• _WHAT IS REQUIRED_
Would you retype exactly the lines below, from the one containing "Gebruikte vezelcement golfplaten" through the end of the entries, both ends included, but not the pictures?

• _INFORMATION PROVIDED_
::::

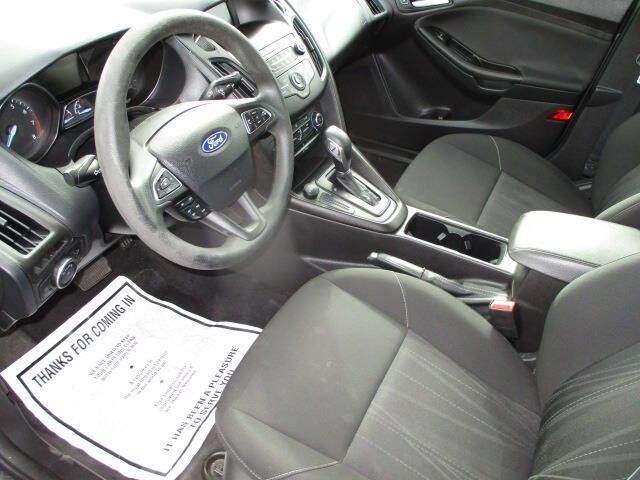 Used 2018 Ford Focus SE image 12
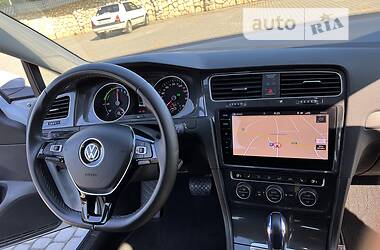 Хетчбек Volkswagen e-Golf 2017 в Львові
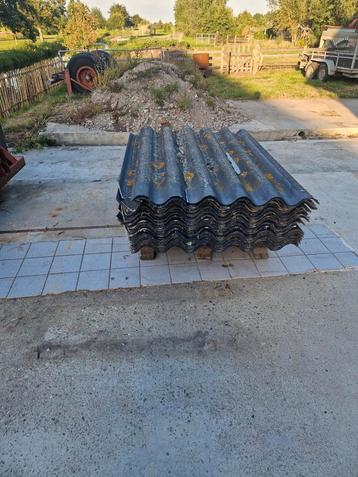 Gebruikte vezelcement golfplaten - Gratis beschikbaar voor biedingen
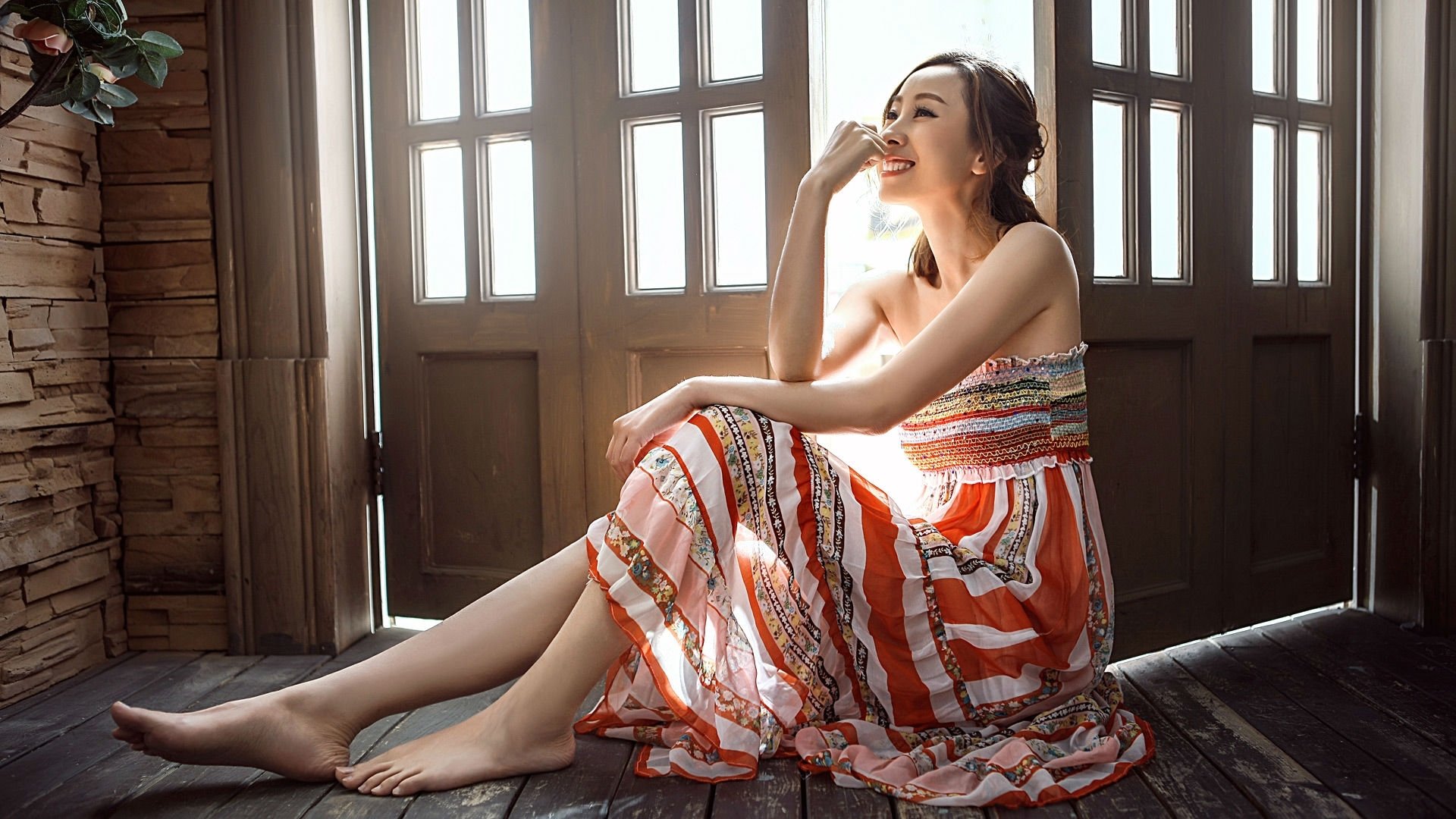 爱游戏在线-红色风暴的绝地反击，法拉利逆转阿斯顿马丁，银箭拉塞尔高光突围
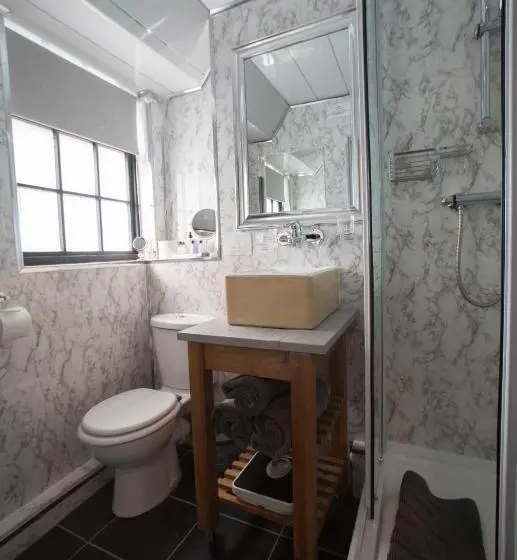 キングサイズベッドのスタンダードルーム, Langside Bed And Breakfast
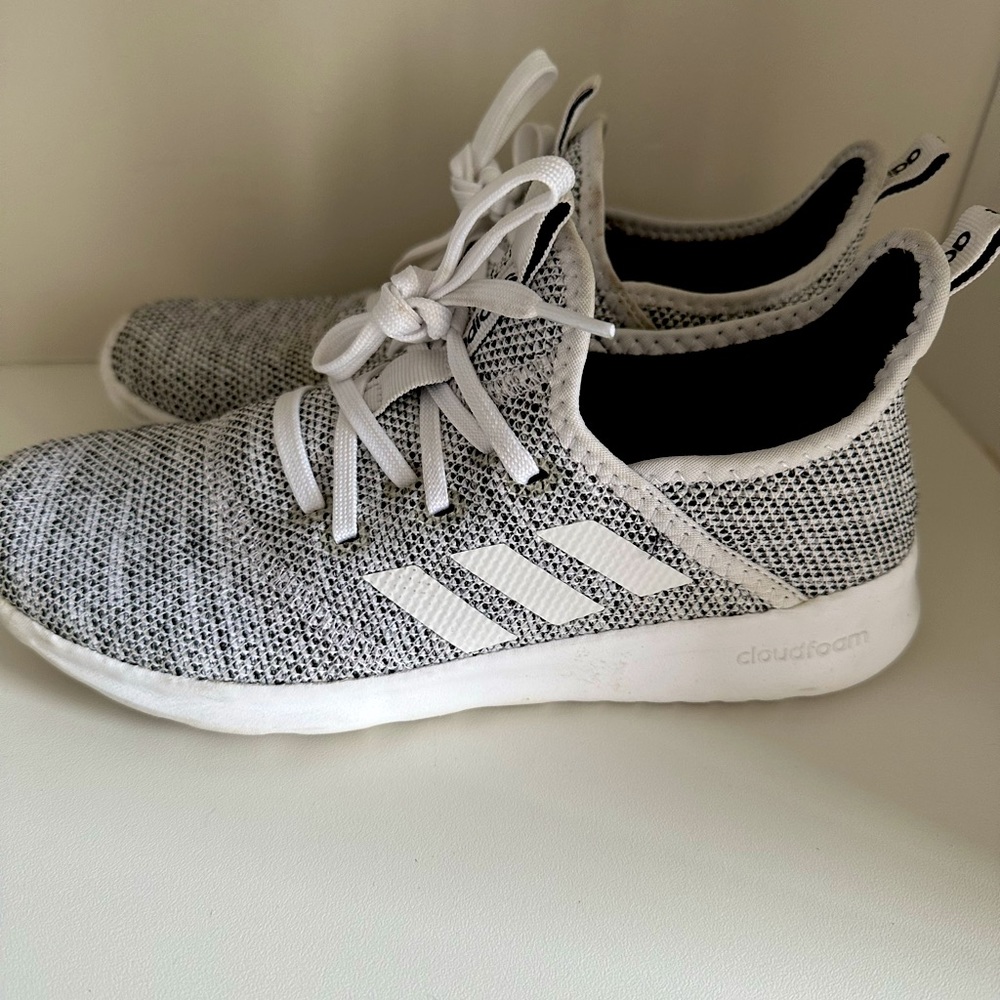 Adidas cloudfoam sneakers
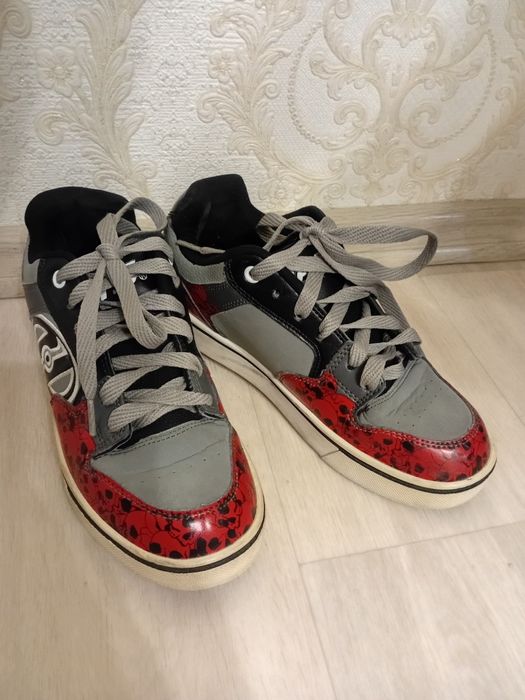 Продам кроссовки  37 размер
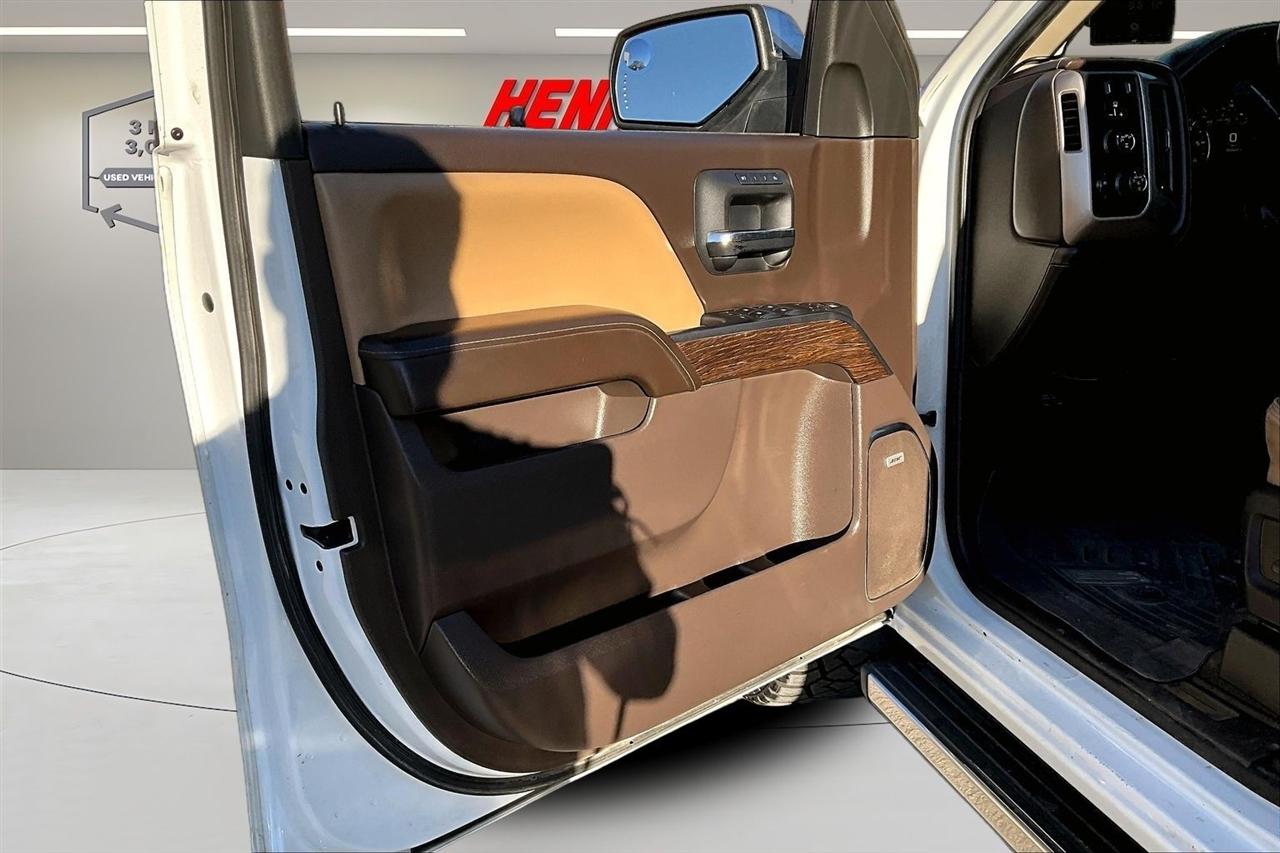 GMC Sierra 1500 4WD Crew Cab 143.5" Denali 2018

::::

• _ANSWER BOX_
 Gebruikte vezelcement golfplaten - Gratis beschikbaar voor biedingen
 爱游戏在线-红色风暴的绝地反击，法拉利逆转阿斯顿马丁，银箭拉塞尔高光突围
 キングサイズベッドのスタンダードルーム, Langside Bed And Breakfast
 Adidas cloudfoam sneakers
 Продам кроссовки  37 размер
 GMC Sierra 1500 4WD Crew Cab 143.5" Denali 2018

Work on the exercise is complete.